Hermann Ney is a professor of computer science at RWTH Aachen University, Germany. His main research interests lie in the area of statistical classification, machine learning and neural networks with specific applications to speech recognition, handwriting recognition, machine translation and other tasks in natural language processing.
He and his team participated in a large number of large-scale joint projects like the German project VERBMOBIL, the European projects TC-STAR, QUAERO, TRANSLECTURES, EU-BRIDGE and US-American projects GALE, BOLT, BABEL. His work has resulted in more than 700 conference and journal papers with an h index of 100+ and 60000+ citations (based on Google scholar). More than 50 of his former PhD students work for IT companies on speech and language technology.
The results of his research contributed to various operational research prototypes and commercial systems. In 1993 Philips Dictation Systems Vienna introduced a product for large-vocabulary continuous-speech recognition. In 1997 Philips Dialogue Systems Aachen introduced a spoken dialogue system for traintable information via the telephone. In VERBMOBIL, his team introduced the phrase-based approach to data-driven machine translation, which in 2008 was used by his former PhD students at Google as starting point for the service Google Translate. In TC-STAR, his team built the first research prototype system for spoken language translation of real-life domains.
Awards: 2005 Technical Achievement Award of the IEEE Signal Processing Society; 2013 Award of Honour of the International Association for Machine Translation; 2019 IEEE James L. Flanagan Speech and Audio Processing Award; 2021 ISCA Medal for Scientific Achievements.
The last 40 years have seen a dramatic progress in machine learning and statistical methods for speech and language processing like speech recognition, handwriting recognition and machine translation. Many of the key statistical concepts had originally been developed for speech recognition. Examples of such key concepts are the Bayes decision rule for minimum error rate and sequence-to-sequence processing using approaches like the alignment mechanism based on hidden Markov models and the attention mechanism based on neural networks.

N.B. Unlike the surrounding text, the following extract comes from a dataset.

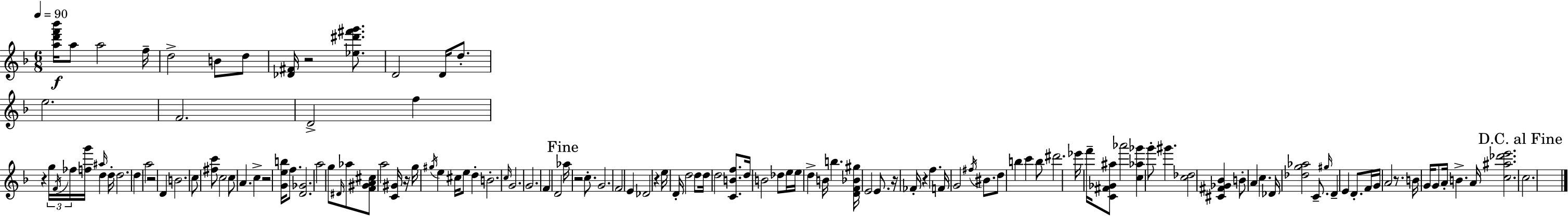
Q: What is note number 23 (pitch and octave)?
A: D4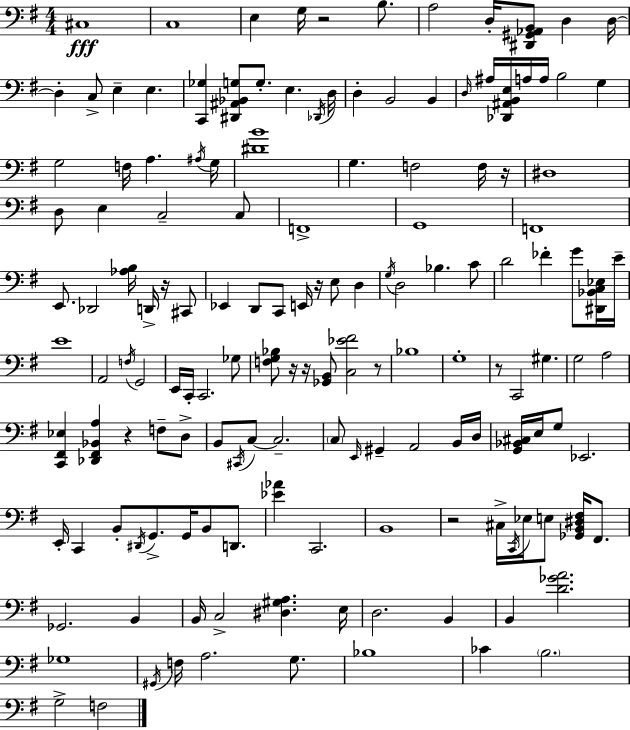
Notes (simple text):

C#3/w C3/w E3/q G3/s R/h B3/e. A3/h D3/s [D#2,G#2,Ab2,B2]/e D3/q D3/s D3/q C3/e E3/q E3/q. [C2,Gb3]/q [D#2,A#2,Bb2,G3]/e G3/e. E3/q. Db2/s D3/s D3/q B2/h B2/q D3/s A#3/s [Db2,A#2,B2,E3]/s A3/s A3/s B3/h G3/q G3/h F3/s A3/q. A#3/s G3/s [D#4,B4]/w G3/q. F3/h F3/s R/s D#3/w D3/e E3/q C3/h C3/e F2/w G2/w F2/w E2/e. Db2/h [Ab3,B3]/s D2/s R/s C#2/e Eb2/q D2/e C2/e E2/s R/s E3/e D3/q G3/s D3/h Bb3/q. C4/e D4/h FES4/q G4/e [D#2,Bb2,C3,Eb3]/s E4/s E4/w A2/h F3/s G2/h E2/s C2/s C2/h. Gb3/e [F3,G3,Bb3]/e R/s R/s [Gb2,B2]/e [C3,Eb4,F#4]/h R/e Bb3/w G3/w R/e C2/h G#3/q. G3/h A3/h [C2,F#2,Eb3]/q [Db2,F#2,Bb2,A3]/q R/q F3/e D3/e B2/e C#2/s C3/e C3/h. C3/e E2/s G#2/q A2/h B2/s D3/s [G2,Bb2,C#3]/s E3/s G3/e Eb2/h. E2/s C2/q B2/e D#2/s G2/e. G2/s B2/e D2/e. [Eb4,Ab4]/q C2/h. B2/w R/h C#3/s C2/s Eb3/s E3/e [Gb2,B2,D#3,F#3]/s F#2/e. Gb2/h. B2/q B2/s C3/h [D#3,G#3,A3]/q. E3/s D3/h. B2/q B2/q [D4,Gb4,A4]/h. Gb3/w G#2/s F3/s A3/h. G3/e. Bb3/w CES4/q B3/h. G3/h F3/h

Recently the accuracy of speech recognition, handwriting recognition machine translation could be improved significantly by the use of artificial neural networks and specific architectures, such as deep feedforward multi-layer perceptrons and recurrent neural networks, attention and transformer architectures. We will discuss these approaches in detail and how they form part of the probabilistic approach.
Gregory Rogez is a Senior Scientist at NAVER LABS Europe, in Grenoble, France, where he leads the Computer Vision group. He received an M.Eng in Physics from ENSPM/Centrale Marseille France in 2002, and MSc and Ph.D. degrees in computer vision from the University of Zaragoza, Spain, in 2005 and 2012 respectively. During his PhD, he was a regular visiting student (2007-2008) and research fellow (2009-2010) in Oxford, UK.
His work on monocular human body pose analysis received the best Ph.D. thesis award from the Spanish Association on Pattern Recognition (AERFAI) for the period 2011-2013. He was then a Marie Curie Fellow at UC Irvine, USA (2013-2015), a Research Scientist at Inria, France (2015-2018) and joined NAVER LABS Europe in 2019. His main research interests include computer vision and deep learning, with a special focus on sensing and understanding people from visual data and the application of such technology to AR/VR and robotics. He has published more than 30 papers on the topic and is a regular reviewer for top-tier journals and conferences in the field.
In this tutorial, I will explain how the complex and severely ill-posed problem of 3D human pose estimation from monocular images can be tackled as a detection problem using standard object classifiers. I will review the classication-based techniques that were proposed over the past 15 years to handle different levels of the human body including full-body, upper body, face and hands. I will discuss advantages and drawbacks of classification approaches and present in detail some solutions involving training data synthesis, CNN architectures, distillation and transformers.